### Booleans, Natural Numbers, Young Diagrams, Schur Functors

#### Posted by John Baez

There’s an adjunction between commutative monoids and pointed sets, which gives a comonad. Then:

Take the booleans, apply the comonad and get the natural numbers.

Take the natural numbers, apply the comonad and get Young diagrams.

Take the Young diagrams, apply the comonad and get Schur functors.

Let me explain how this works!

There’s an adjunction between commutative monoids and pointed sets. Any commutative monoid $(M,+,0)$ has an underlying pointed set $(M,0)$, so we get a functor

$U : \mathsf{CommMon} \to \mathsf{Set}_\ast$

from commutative monoids to pointed sets. And this has a left adjoint

$F: \mathsf{Set}_\ast \to \mathsf{CommMon}$

This sends any pointed set $(S,\ast)$ to the free commutative monoid on $S$ modulo the congruence relation that forces $\ast$ to be the identity. And that’s naturally isomorphic to the free commutative monoid on the set $S - \{\ast\}$.

So, we get a comonad

$F U : \mathsf{CommMon} \to \mathsf{CommMon}$

What happens if we start with our favorite 2-element commutative monoid, and repeatedly apply this comonad?

My favorite 2-element commutative monoid is the booleans $B = \{0,1\}$ made into a commutative monoid using ‘or’. Its identity element is $0$.

If we take $(B, or, 0)$ and apply the functor

$U : \mathsf{CommMon} \to \mathsf{Set}_\ast$

we get the 2-element pointed set $(B,0)$. When we apply the functor

$F: \mathsf{Set}_\ast \to \mathsf{CommMon}$

to this 2-element pointed set we get $\mathbb{N}$, made into a commutative monoid using addition. The reason is that $\mathbb{N}$ is also the free commutative monoid on the 1-element set $B - \{0\}$.

If we apply the functor $U$ to $(\mathbb{N}, + , 0)$ we get the pointed set $(\mathbb{N},0)$. When we apply the functor $F$ to the pointed set $(\mathbb{N},0)$ we get a commutative monoid that’s also the free commutative monoid on the set $\mathbb{N} - \{0\} = \{1,2,3,\dots\}$. This is usually called the set of **Young diagrams**, since a typical element looks like

$3 + 2 + 2 + 2 + 1$

so it can be drawn like this:

(I’m counting the number of boxes in columns. We can also use the other convention, where we count the number of boxes in rows. That’s actually more common.)

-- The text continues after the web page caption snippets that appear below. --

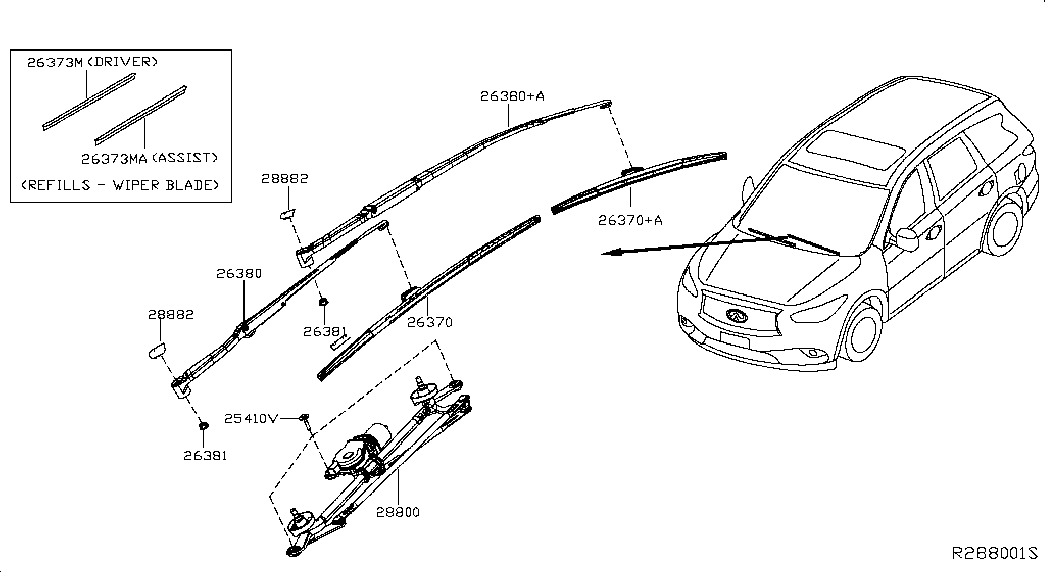 NISSAN 28882-ZN50A - Щетка стеклоочистителя onlydrive.pro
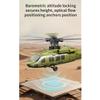ConGamefun UH-60 RC Helicopter, 2.4G 5CH Flybarless Scale RC Military Helicopter Model with Barometric Altitude Hold, Optical Flow Positioning, One-Key Inverted Flight for Beginners (RTF/Green) view 3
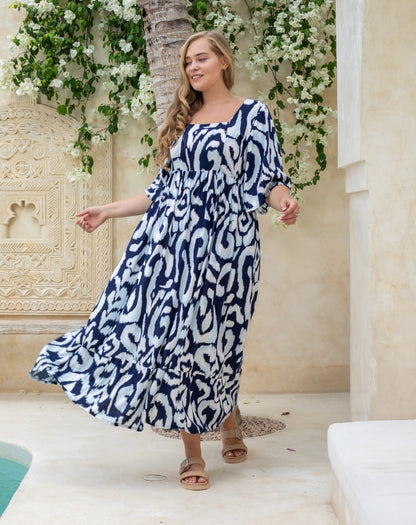 Kalani Dress - Indigo Reef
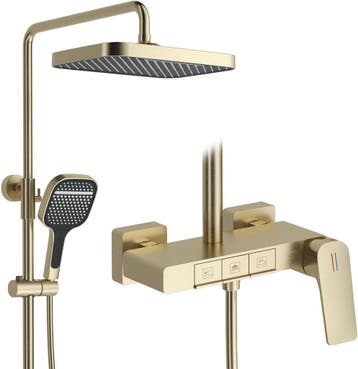 RONMX Doucheset Goud | 35% korting | Retour deal, Verzenden, Zo goed als nieuw, Douche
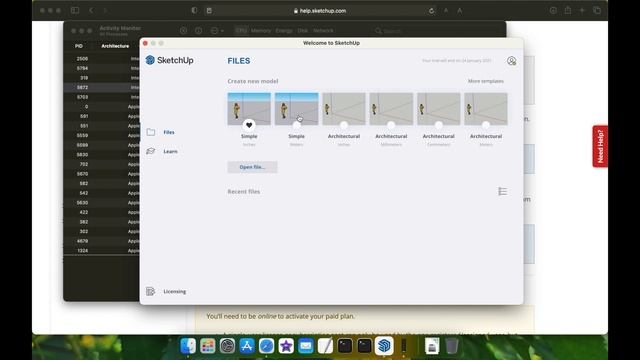Cài đặt và sử dụng Sketchup trên Macbook M1 - Chạy thông qua Rosetta смотреть онлайн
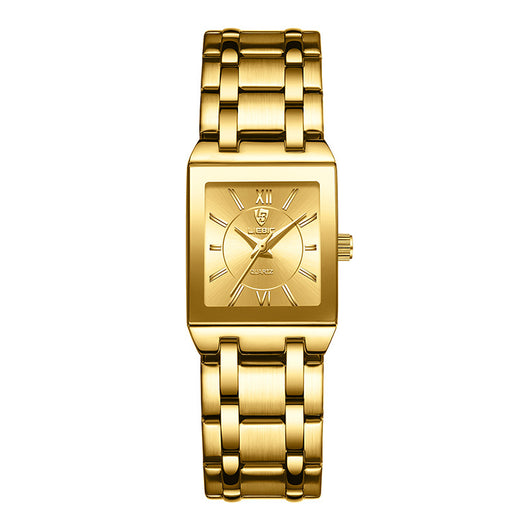 Reloj de Pareja Cuadrado Acero Inoxidable Estilo Ejecutivo - Image 5
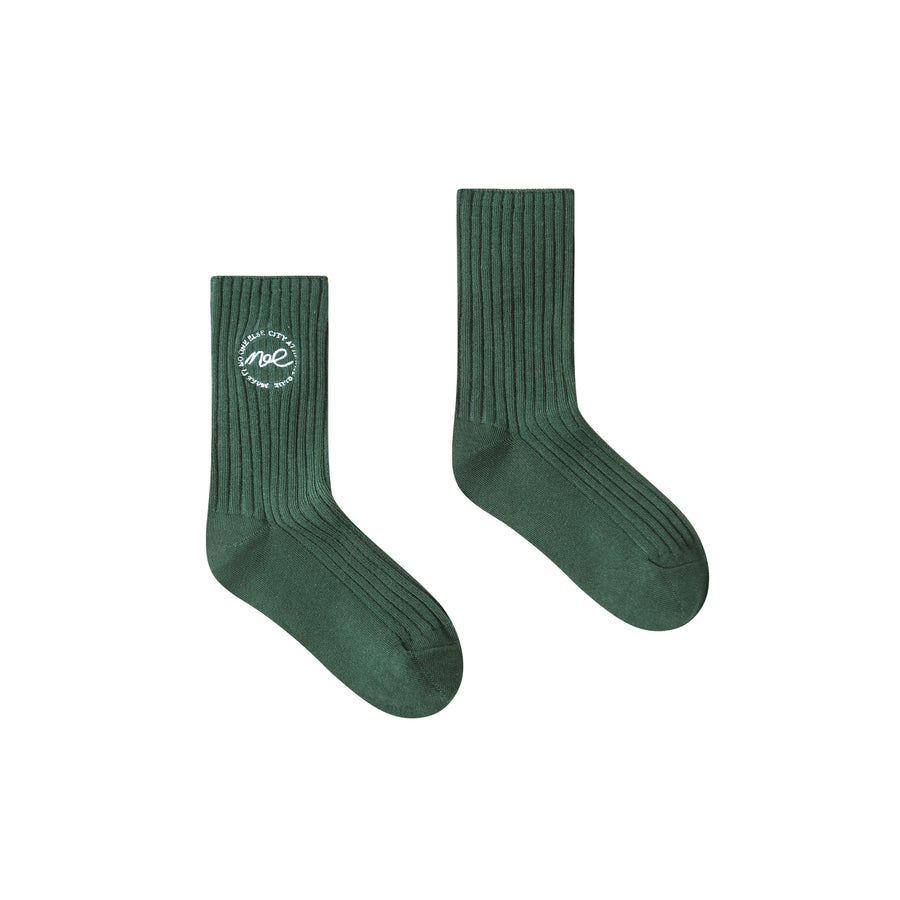 CHUU Noe Circle Logo Socks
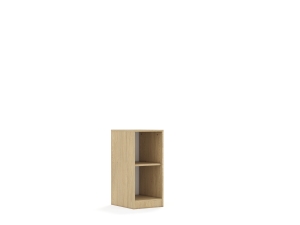 Regał Blox Base 40 2P 363x466x813 korpus dąb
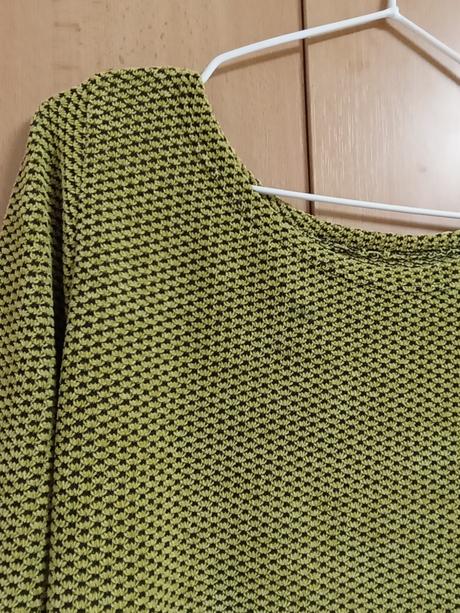 Predĺžený svetrík s vreckami l, l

Note that there is an ‘empty Young diagram’ with no boxes at all, and that’s the identity element of the free commutative monoid on $\{1,2,3,\dots\}$. But there aren’t Young diagrams with a whole bunch of 0-box columns, which is why I prefer the free commutative monoid on $\{1,2,3,\dots\}$ to the free commutative monoid on $\mathbb{N}$.

Let $(Y,+,0)$ be the commutative monoid of Young diagrams, where $0$ is the empty Young diagram — the one with no boxes at all. Applying $U$ to this we get the pointed set of Young diagrams, $(Y,0)$. Applying $F$ to that we get a commutative monoid $F(Y,0)$ that’s also the free commutative monoid on the set of *nonempty* Young diagrams.

And this commutative monoid $F(Y,0)$ is important in representation theory! The category $\mathsf{Schur}$ of Schur functors has Young diagrams as its simple objects. But a general object is a finite direct sum of simple objects. So, the set of isomorphism classes of Schur functors is naturally isomorphic to $F(Y,0)$. And they are isomorphic as commutative monoids, where we use direct sums of Schur functors to get a monoid structure.

So here is the slogan:

Take the booleans, apply the comonad $F U$ and get the commutative monoid of natural numbers.

Take the natural numbers, apply the comonad $F U$ and get the commutative monoid of Young diagrams.

Take the Young diagrams, apply the comonad $F U$ and get the commutative monoid of isomorphism classes of Schur functors.

Of course I want to do it again, but I’m not sure where the resulting structure shows up in math. Maybe some sort of categorified representation theory?

## Theo

Isn’t $\mathbb{Z}/2\mathbb{Z}$ a commutative monoid?